MCL206: Creating Next Generation Speech-enabled Applications with Amazon Polly (Video)
Amazon Polly is a service that turns text into lifelike speech, making it easy to develop applications that use high-quality speech to increase engagement and accessibility. Get a glimpse into successful applications that use Amazon Polly text-to-speech service to enable apps to converse with its users. Attendees will benefit from understanding real-world business use cases, and learn how to add feature-rich voice capabilities to their new or existing applications.
MCL307: Amazon Polly Tips and Tricks: How to Bring Your Text-to-Speech Voices to Life (Video)
Although there are many ways to optimize the speech generated by Amazon Polly’s text-to-speech voices, you might find it challenging to apply the most effective enhancements in each situation. Learn how you can control pronunciation, intonation, timing, and emotion for text-to-speech voices. In this session, you get a comprehensive overview of the available tools and methods available for modifying Amazon Polly speech output, including SSML tags, lexicons, and punctuation. You also get recommendations for streamlining application of these techniques. Come away with insider tips on the best speech optimization techniques to provide a more natural voice experience.
MCL331:Building a Virtual Assistant with Amazon Polly and Amazon Lex
The advancement of technology has enabled people with disabilities communicate more meaningfully and participate more fully in their daily lives. We will discuss the many challenges for those with special needs, and how AWS voice technologies can provide hope and promise. In this workshop, participants will also learn how to build Pollexy (“Polly” + “Lex”), a Raspberry Pi and mobile-based special needs verbal assistant that lets caretakers schedule audio task prompts and messages both on a recurring schedule and/or on-demand.
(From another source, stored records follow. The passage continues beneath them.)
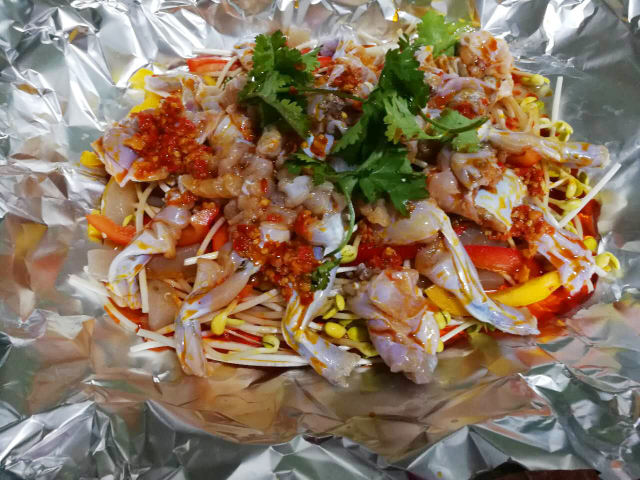 舌尖上的绝味:蛋二三纸包鱼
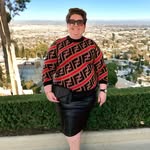 Elle Hinton - @kerby_treats - Instagram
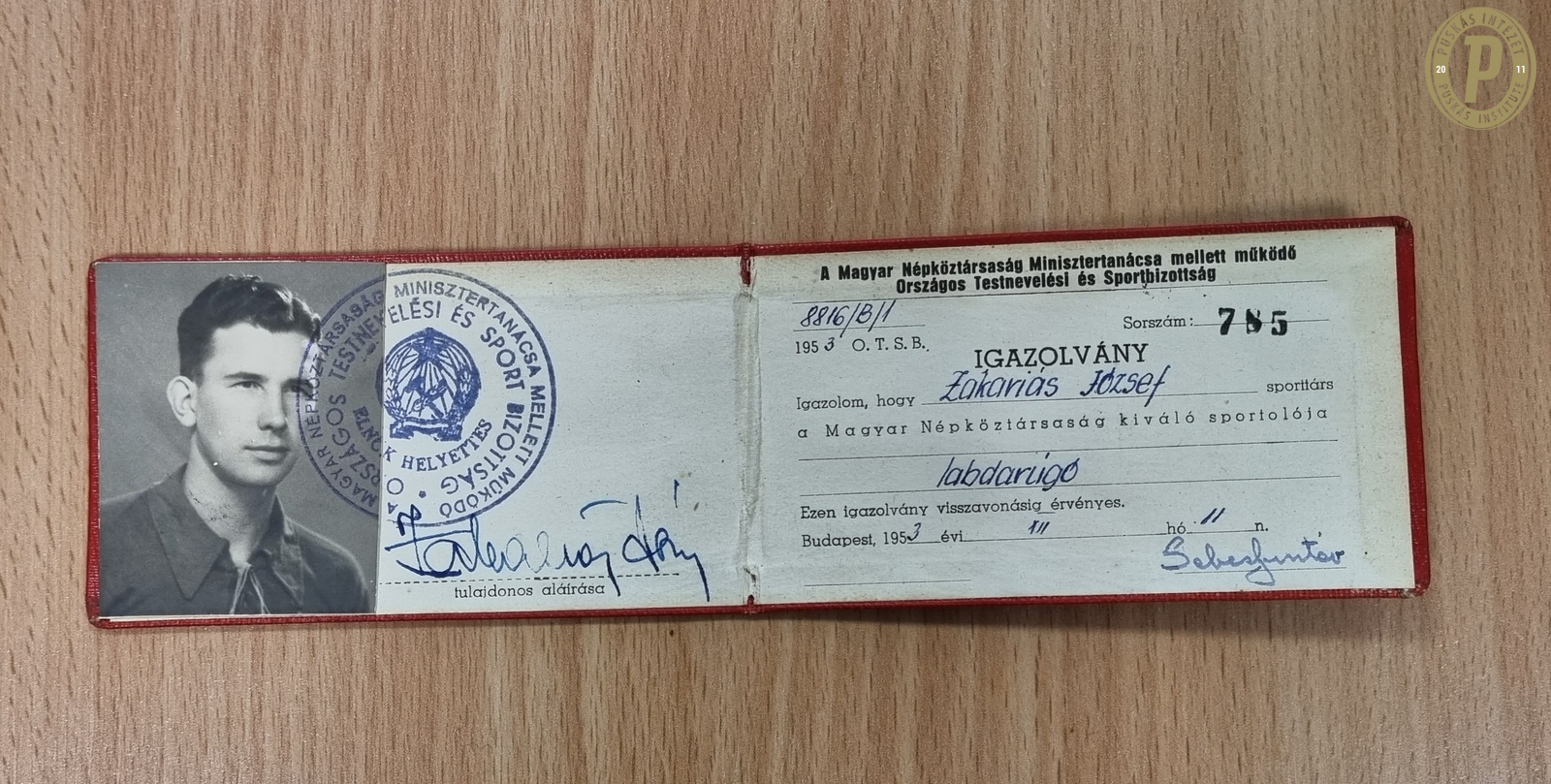 A szürke eminenciás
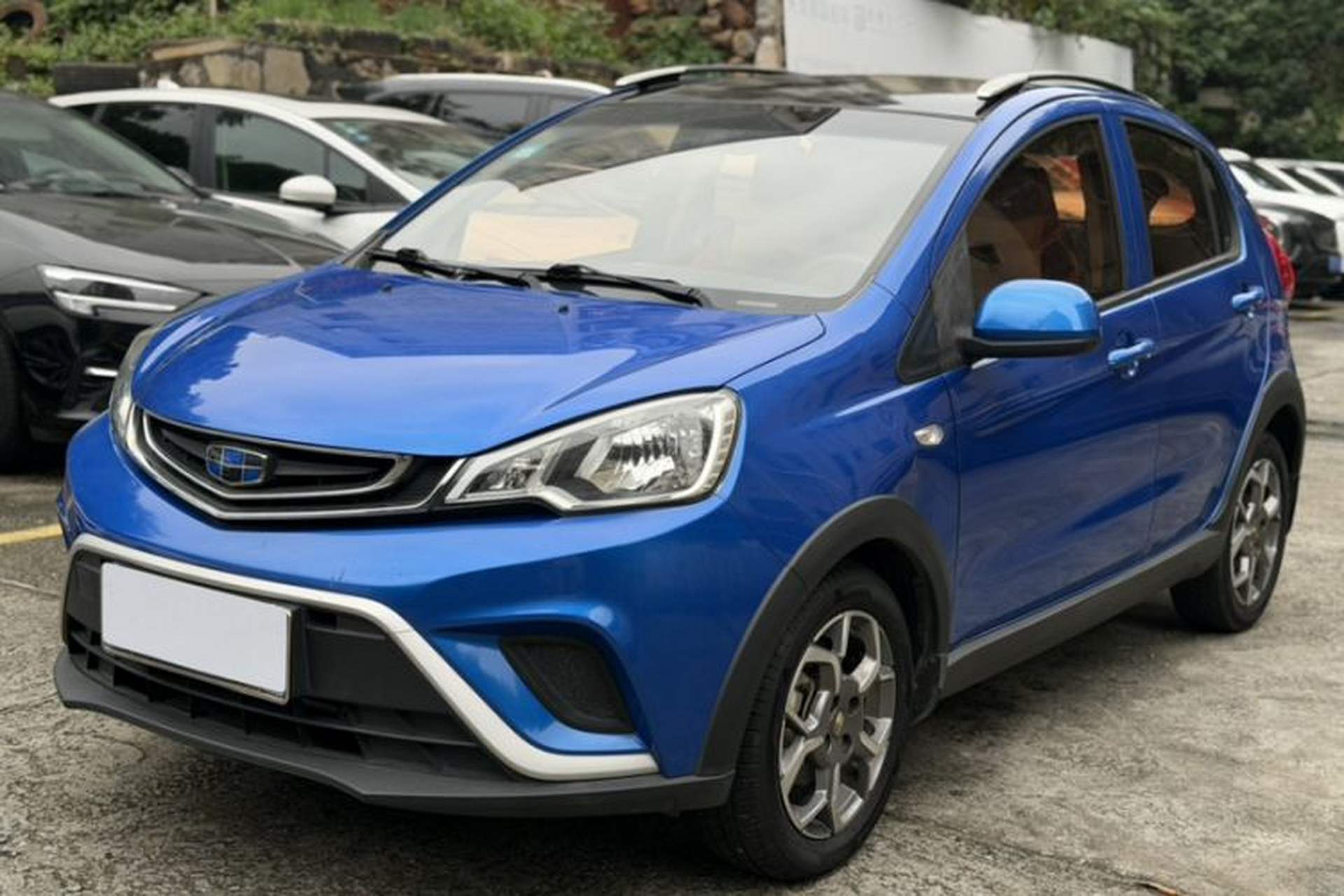 Used Geely Auto Vision X1 2017 1.3L Manual Frenzy Edition Exterior 3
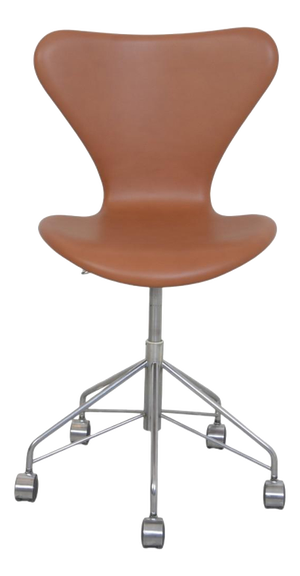 Model 3117 Office Chair in Cognac Leather by Arne Jacobsen, 1984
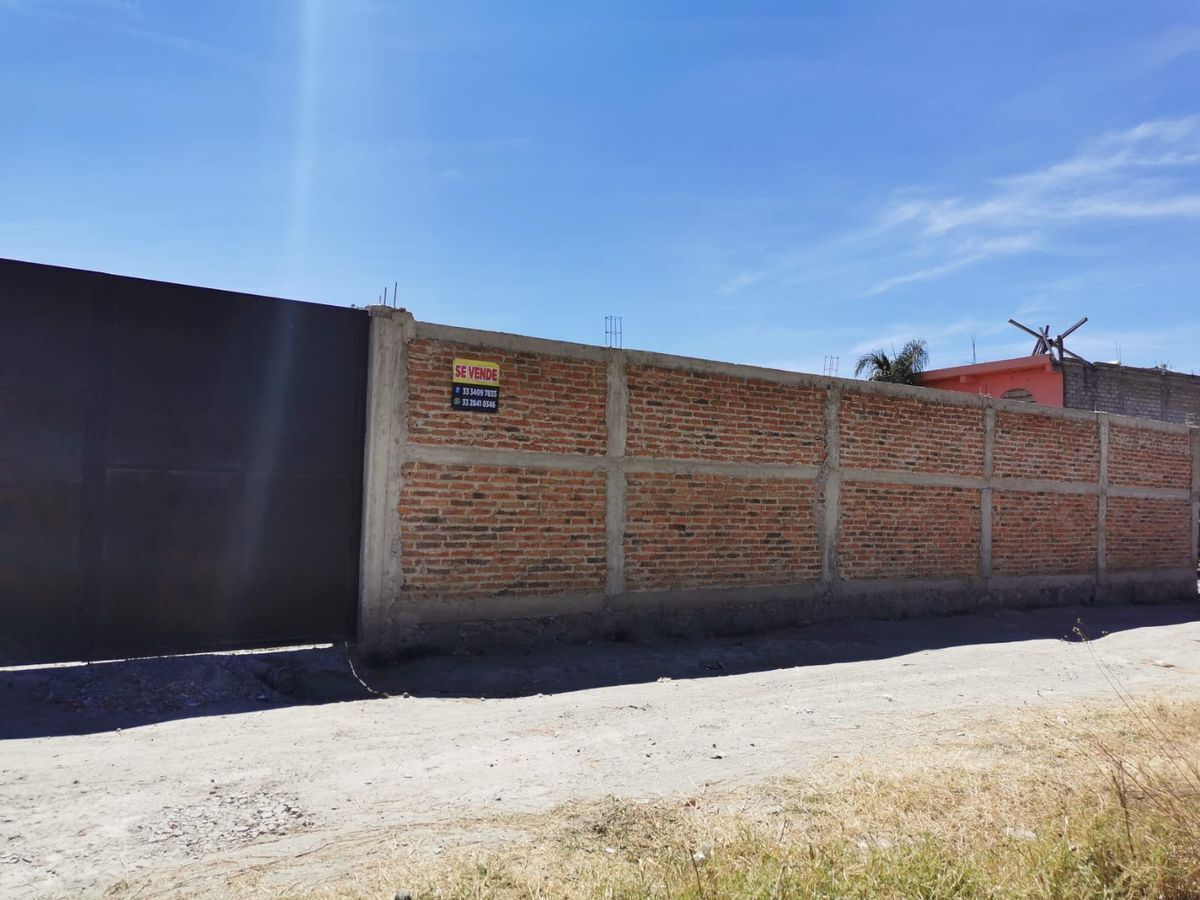 Terreno bardeado en Venta - foto 2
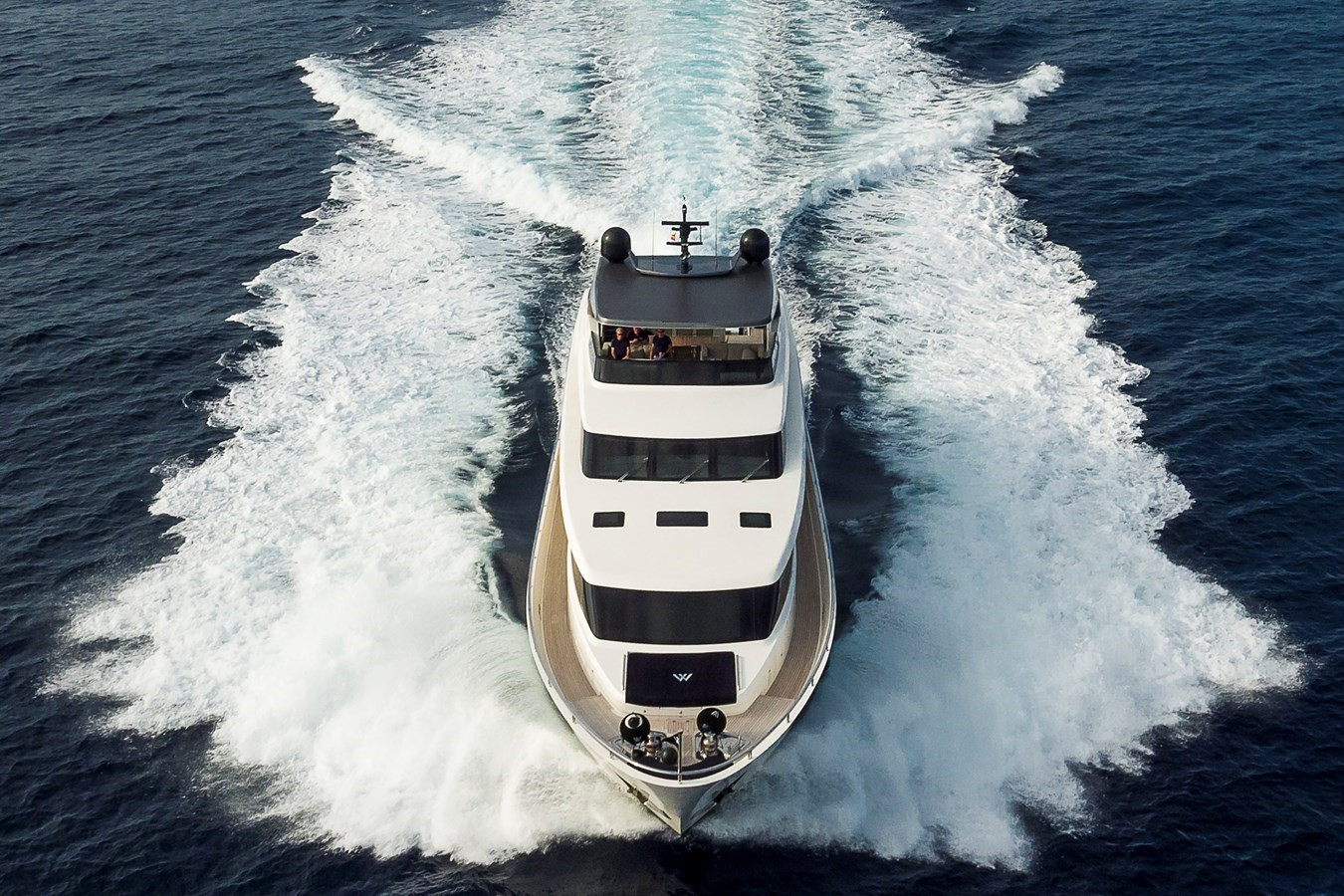 https://arconyachts.ams3.digitaloceanspaces.com/71037/conversions/large_4156666-optimize.jpg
MCL326: Convert Any Digital Text Into Natural Sounding Speech
Text-to-speech can turn any digital text into a multimedia experience, so people can listen to ebooks, blogs, or even a PDF document, on-the-go or while multitasking. In this talk, we will walk through an architecture and workflow to create audio files of long form text with Amazon Polly and AWS Batch. Using AWS Batch to process a document in chunks asynchronously and in parallel, you can quickly turn long form content into audio files with Amazon Polly. We will also discuss how to build a text sentiment analysis engine with Lambda and DynamoDB to auto inject SSML into the text to enhance the speech output. The proposed architecture uses NLP to generate sentiment analysis around text, and uses that analysis to inject SSML tags into the text.
MCL325: Creating the Voices You Want with Amazon Polly
Many of today’s text-to-speech systems limit your choice to a few—often just one or two—voices per language. If those voices aren’t quite right for your need, the process of adding more voices is usually a costly and time-consuming one. The ability to modify voices make Amazon Polly a fast, versatile, and convenient solution for speech production. Learn how you can change various voice aspects including the speech rate, pitch intonation, and other elements to make it sound like another speaker and/or give it a different style. In this talk, we’ll dive deep into SSML with Amazon Polly to enable you to produce the voice you desire.